Example 12: Complex Composition (Plasma Membrane Mimic)¶

from gatewizard.core.builder import Builder

builder = Builder()

# Plasma membrane-like composition
# Upper: PC-rich with cholesterol
# Lower: PE/PS-rich (cytoplasmic side)
success, message, job_dir = builder.prepare_system(
    pdb_file="protein_protonated_prepared.pdb",
    working_dir="./systems",
    upper_lipids=["POPC", "POPE", "CHL1"],
    lower_lipids=["POPE", "POPS", "CHL1"],
    lipid_ratios="5:2:3//4:4:2",  # Upper: 50% POPC, 20% POPE, 30% CHL1
                                   # Lower: 40% POPE, 40% POPS, 20% CHL1
    output_folder_name="plasma_membrane",
    salt_concentration=0.5,
    cation="Na+",  # Use sodium instead of potassium
    dist_wat=25.0  # Extra water for large protein
)

if success:
    print(f"✓ System preparation started in background")
    print(f"  {message}")
    print(f"  Job directory: {job_dir}")
    print(f"  Monitor: {job_dir / 'logs/preparation.log'}")
else:
    print(f"✗ Preparation failed: {message}")

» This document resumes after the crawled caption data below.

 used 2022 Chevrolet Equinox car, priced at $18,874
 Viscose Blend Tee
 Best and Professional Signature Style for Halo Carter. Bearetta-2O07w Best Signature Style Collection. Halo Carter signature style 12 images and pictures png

Example 13: Packing Only (No Parametrization)¶

from gatewizard.core.builder import Builder

builder = Builder()

# Only pack the system, don't parametrize
# Useful for visual inspection before parametrization
success, message, job_dir = builder.prepare_system(
    pdb_file="protein_protonated_prepared.pdb",
    working_dir="./systems",
    upper_lipids=["POPC"],
    lower_lipids=["POPC"],
    lipid_ratios="1//1",
    output_folder_name="packed_only",
    parametrize=False  # Skip parametrization
)

if success:
    print(f"✓ Packing started in background (no parametrization)")
    print(f"  {message}")
    print(f"  Job directory: {job_dir}")
    print(f"  Monitor: {job_dir / 'logs/preparation.log'}")
    print(f"  When complete, inspect: {job_dir / 'bilayer_*.pdb'}")
else:
    print(f"✗ Preparation failed: {message}")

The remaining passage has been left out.